Vivemos e viveremos sempre com amostras da visão de Gonçalo Ribeiro Telles por esse país fora. Umas menos conhecidas, como a caminhada à entrada da Meia Praia em Lagos, que tive a sorte de percorrer várias vezes em criança e, depois, já na adolescência.
Daqui, surge a tal longa caminhada desenhada e concebida pelo meu avô que eu fiz questão de batizar a título pessoal de “amazónica”, e onde se encontra uma passagem estreita de retas e curvas simétricas, ladeadas por uma vegetação que a preenche. Isso e as plantas que, além de criarem uma sombra completa e nos refrescarem, dão a sensação de entrarmos num outro mundo, antes de avistar a chegada à ilha. A tal ilha que é, simplesmente, a Meia Praia.

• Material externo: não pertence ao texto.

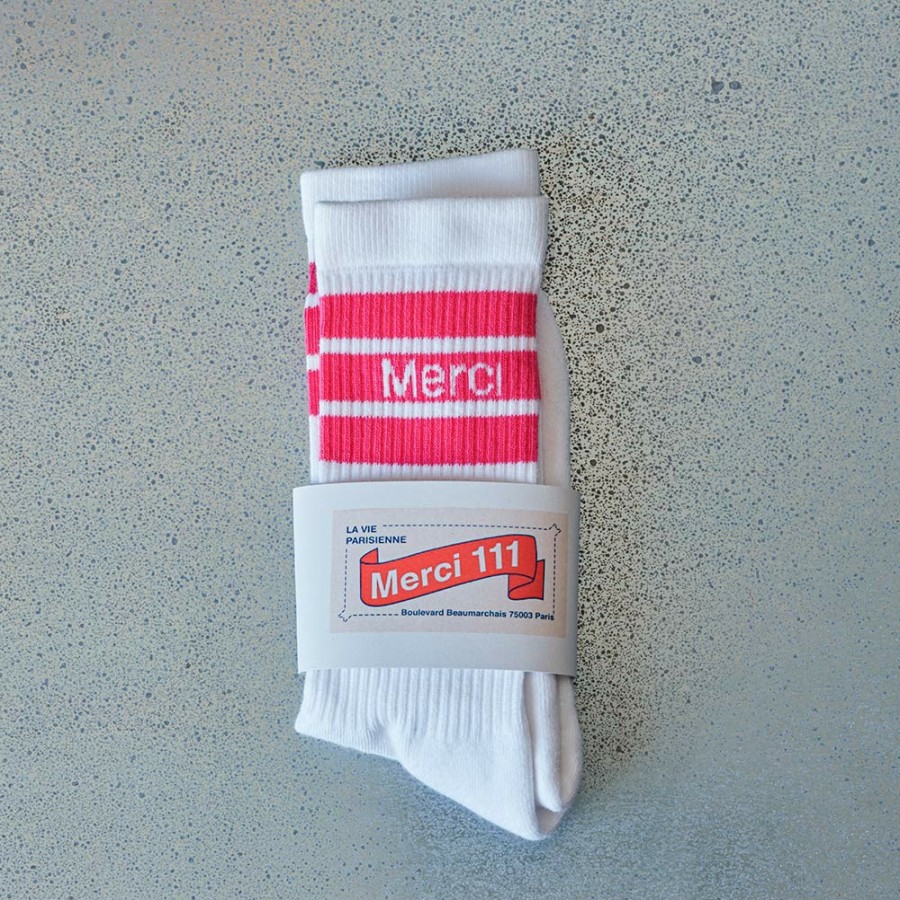 Mode Femme MERCI Chaussettes | Merci - Chaussettes En Coton - Fushialili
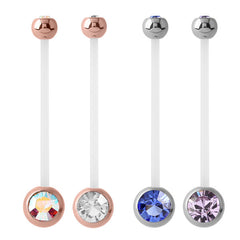 Pregnancy Bioflex and Surgical Steel Double Jewelled Belly Bars (formerly PTFE)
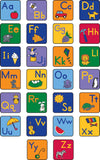 Learning Carpet: Alphabet Seating Squares with Images – Set of 26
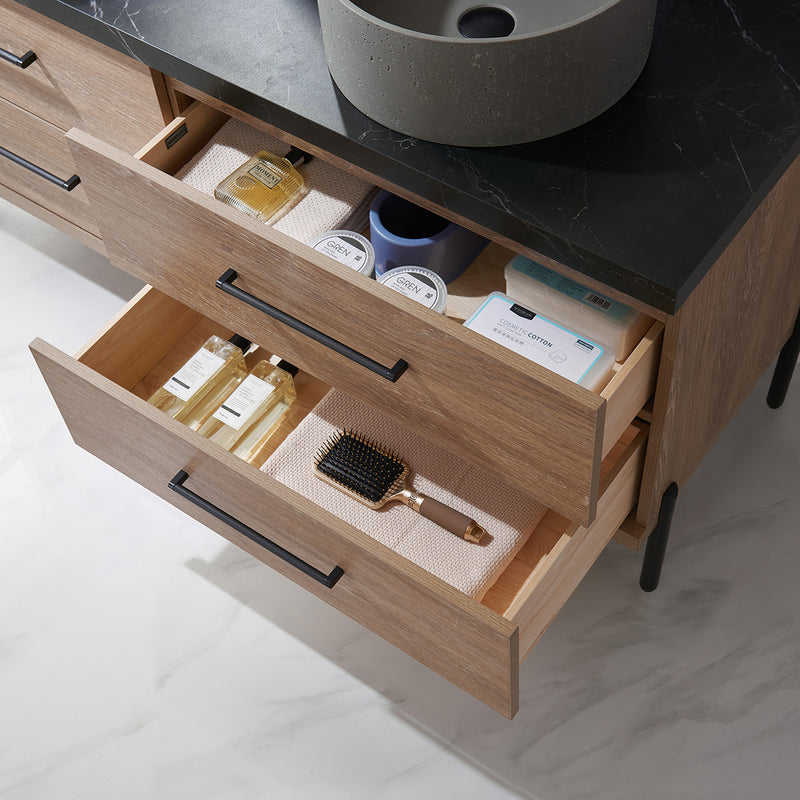 Trento 60" Double Sink-R Bath Vanity in North American Oak with Black Sintered Stone Top Circular Concrete Sink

Mas desta e outras amostras maiores como o corredor verde que liga o Parque Eduardo VII a Monsanto, os jardins da Gulbenkian, entre tantas e tantas outras, o mais gratificante, para além dessa utilidade, evocação da beleza natural e do mundo natural das coisas, é que em cada uma delas verificamos que tudo se coaduna com o que nos transmitiu e ensinou ao longo dos anos. Não existe uma separação entre estas criações e o homem. Entre a obra e o homem. Antes, foram os seus princípios e valores que o levaram a ver e projetar tudo desta forma. E isso foi um testemunho constante que nos foi dado.
Único para a vida.
Lembro-me de como falava da verticalidade e transversalidade como características essenciais ao ser humano e até isso são traços bem presentes nas relações que teve connosco, na sua obra arquitectónica, na ligação entre cidade e campo e mesmo naquilo que defendeu ao longo do seu trajeto político. No qual as ideias e causas prevaleceram sempre sobre o que podia cair pior ou melhor naquele que era o seu campo político de origem.

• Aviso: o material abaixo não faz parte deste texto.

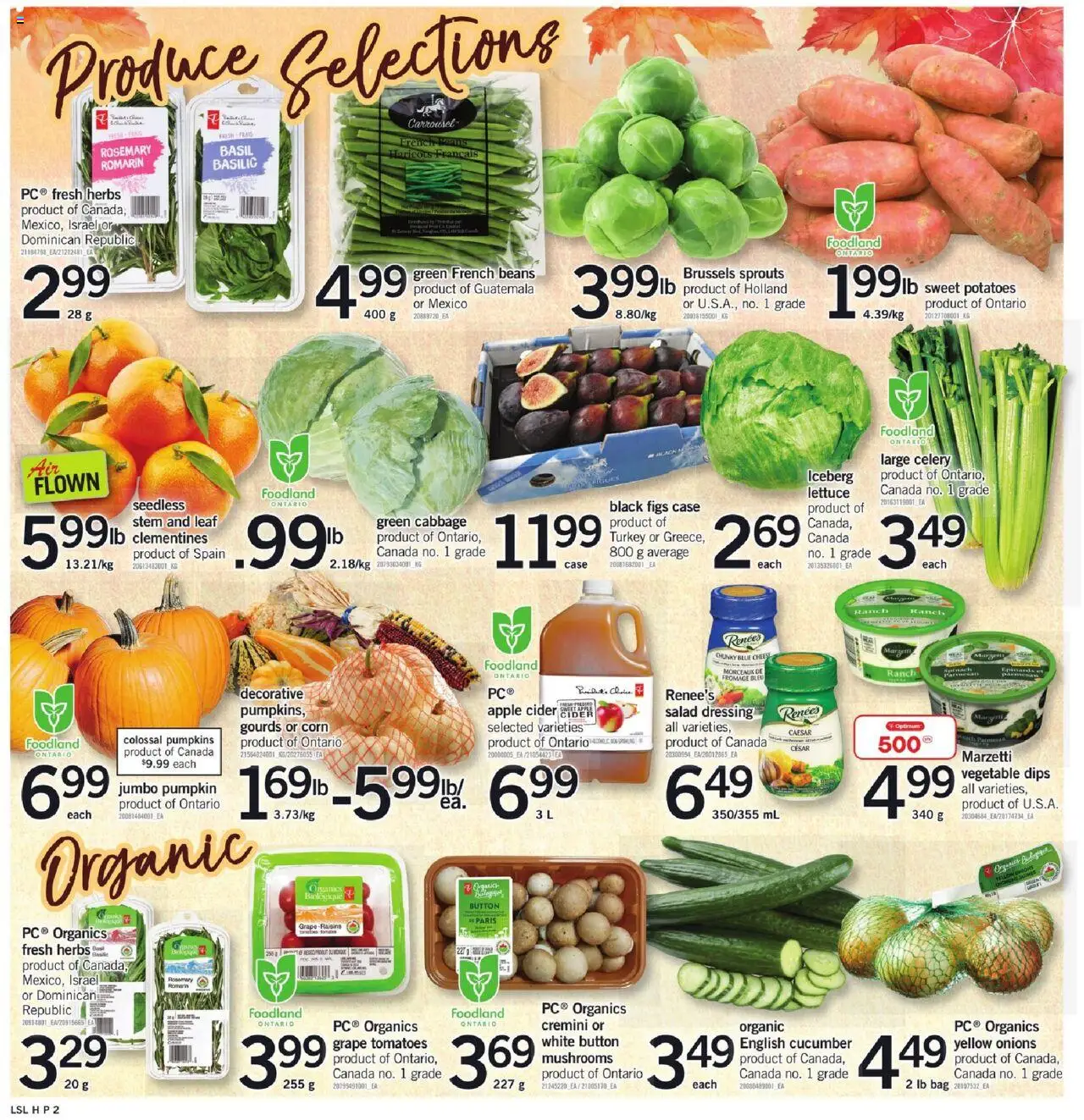 Loblaws flyer valid from 09.10.2025 | Page: 3 | Products: Salad, Turkey, Potatoes, Pumpkin
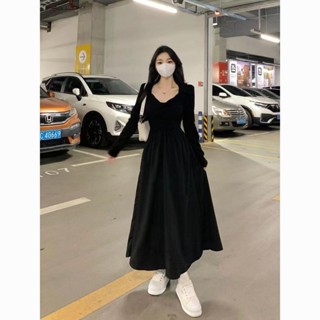 【Plump】中大尺碼女裝 微胖穿搭 大碼女裝 高階感韓系小黑裙減齡小個子連衣裙秋冬裝 長袖連身裙 秋冬洋裝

Ainda há poucos anos o ouvia falar com saudade do entretanto descaracterizado Movimento pelo Partido da Terra que ele criou. Recuo aos tempos em que nós, netos, até posters colocávamos nas nossas casas com a sua imagem pela floresta adentro. Relembro-me também da sua reação quando eu ficava visivelmente chateado com algumas críticas que lhe faziam, desconsiderando ou até mesmo ridicularizando o seu ideal ecológico “desfasado da realidade.” E ele reagia com uma indiferença às mesmas que tanto me espantava como fazia admirá-lo ainda mais. Era uma espécie de suspiro característico que não era mais do que um “perdoai-lhes, Senhor, eles até podem julgar que sabem o que fazem, mas sabem que não sabem o que dizem”.
Também isso, representativo de uma certa forma de estar no combate político pelas suas ideias e ideal que tão pioneiras eram, levava-o a responder sem qualquer desconsideração ou amargura. Antes, a paixão por tudo aquilo em que acreditava levou-o a uma constante e apaixonada pedagogia que não só a nós nos cativava, como mais tarde viria a cativar o país transversalmente.
Foi sempre um eterno jovem sábio aos meus olhos. Até há poucos anos atrás e antes de ficar doente, já com 90 anos, era um dos espíritos mais jovens que conheci. Nunca se deixou embevecer pela obra que deixava ao país. Nunca reivindicou a razão que teve antes de tempo e de tantos não o compreenderem ainda a tempo de muito mais. Em vez disso, a sua conversa era sempre virada para o futuro.
Para os próximos 50, 100 anos. Procurou sempre esse futuro.
Tinha um conhecimento aprofundado e ímpar da história e do passado do país, contextualizava-o à atualidade como poucos, mas vivia o seu presente, pensando sempre no futuro.
Até isso ele foi. Um homem do futuro. O meu avô.